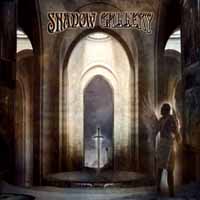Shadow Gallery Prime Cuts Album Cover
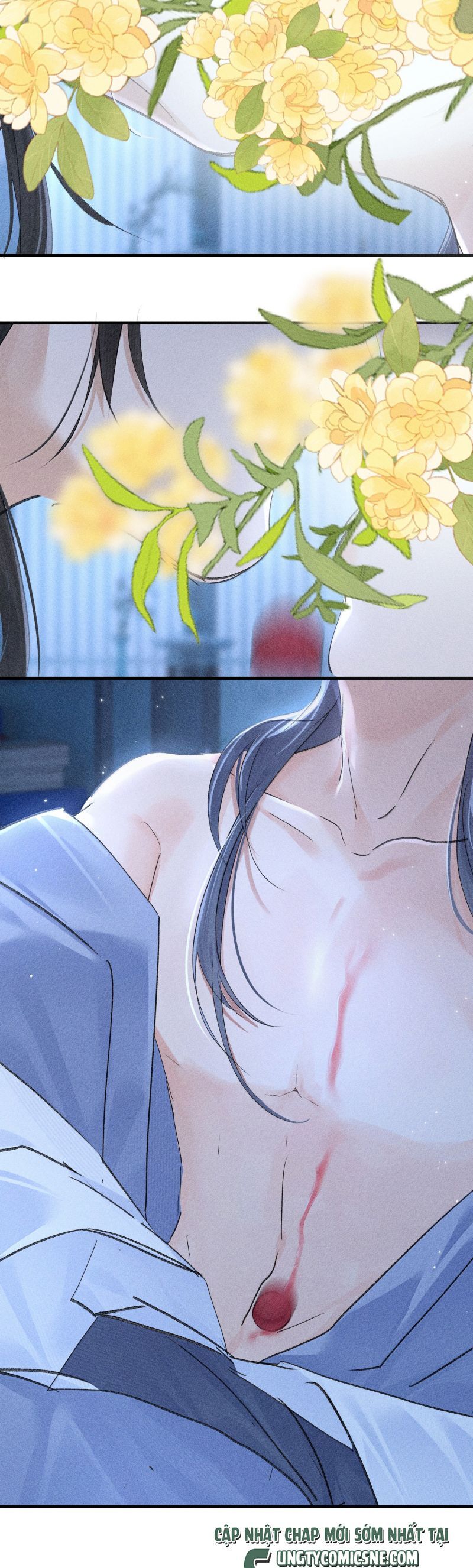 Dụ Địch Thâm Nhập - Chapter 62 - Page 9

----------

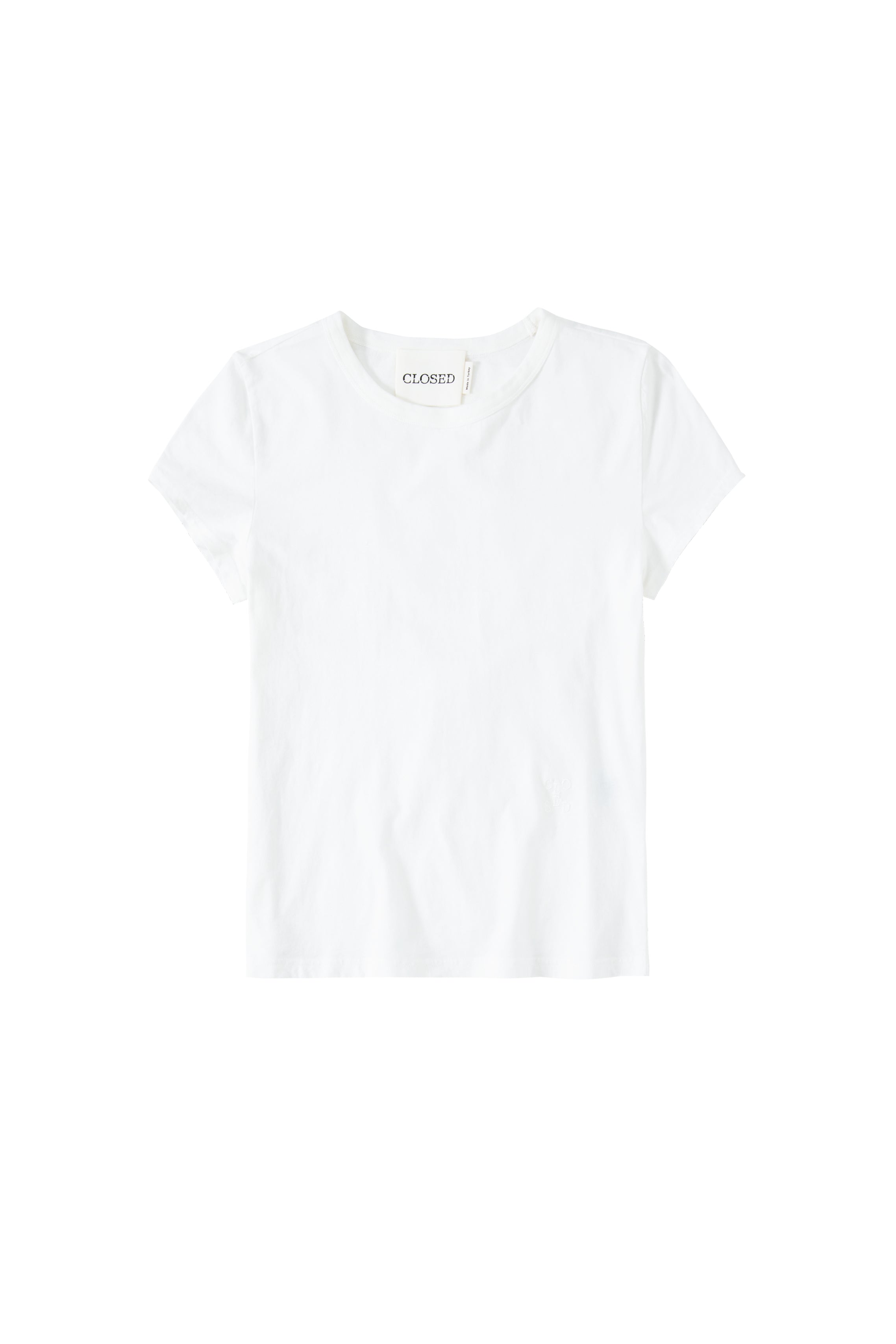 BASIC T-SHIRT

----------

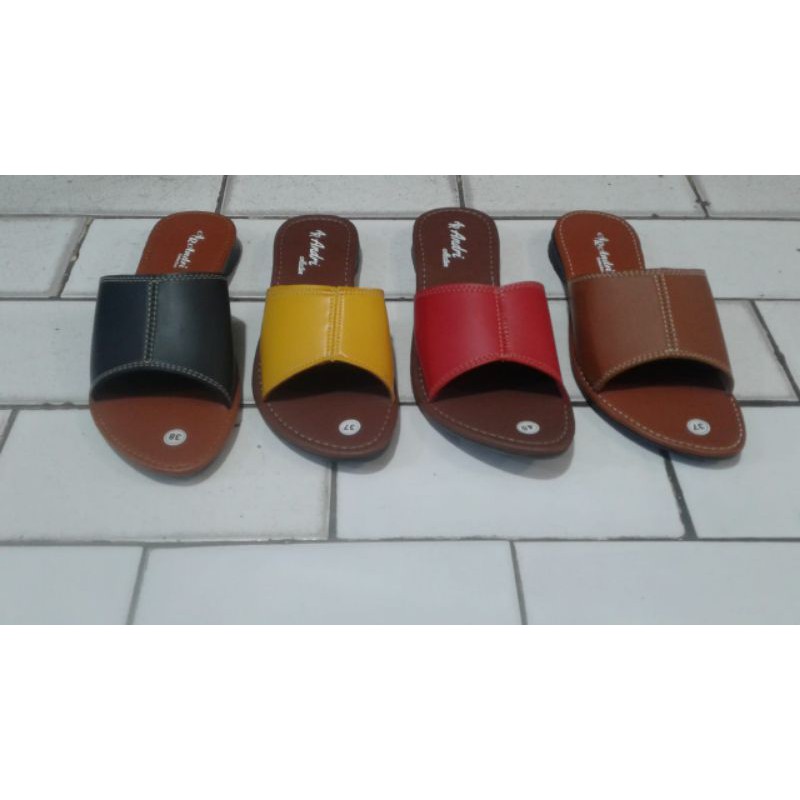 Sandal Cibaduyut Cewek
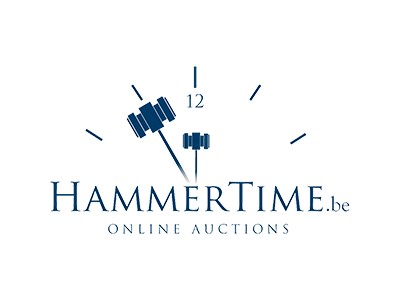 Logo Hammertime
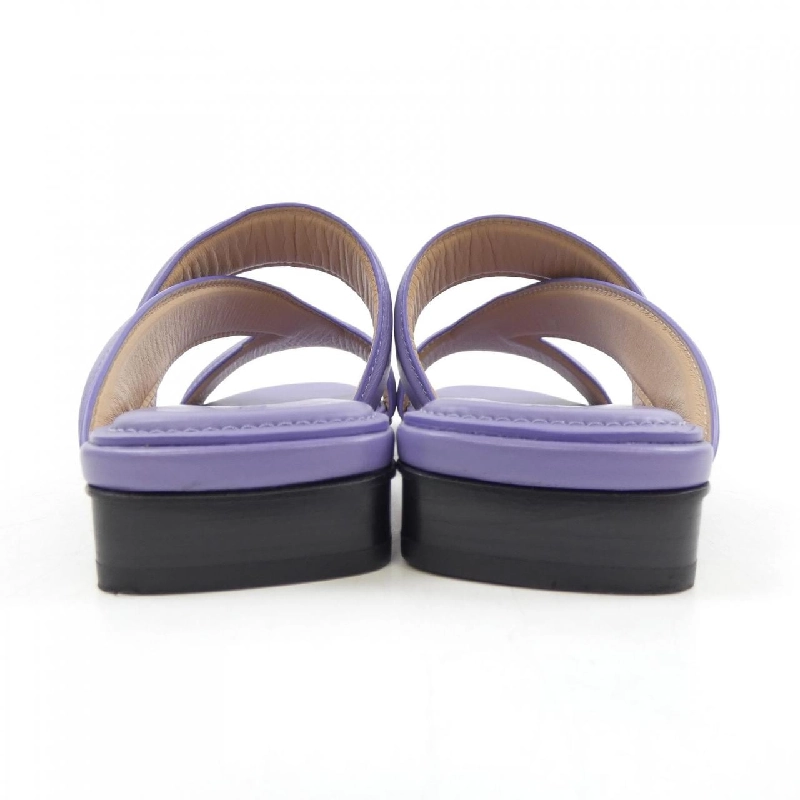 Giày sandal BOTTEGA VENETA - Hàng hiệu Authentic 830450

----------

▸ **What the task requires**: Print everything from the line with "Shadow Gallery Prime Cuts Album Cover" down to the line with "Dụ Địch Thâm Nhập - Chapter 62 - Page 9" in the entries above, both lines included and nothing more, without the pictures.

▸ **Answer box**:
Shadow Gallery Prime Cuts Album Cover
 Dụ Địch Thâm Nhập - Chapter 62 - Page 9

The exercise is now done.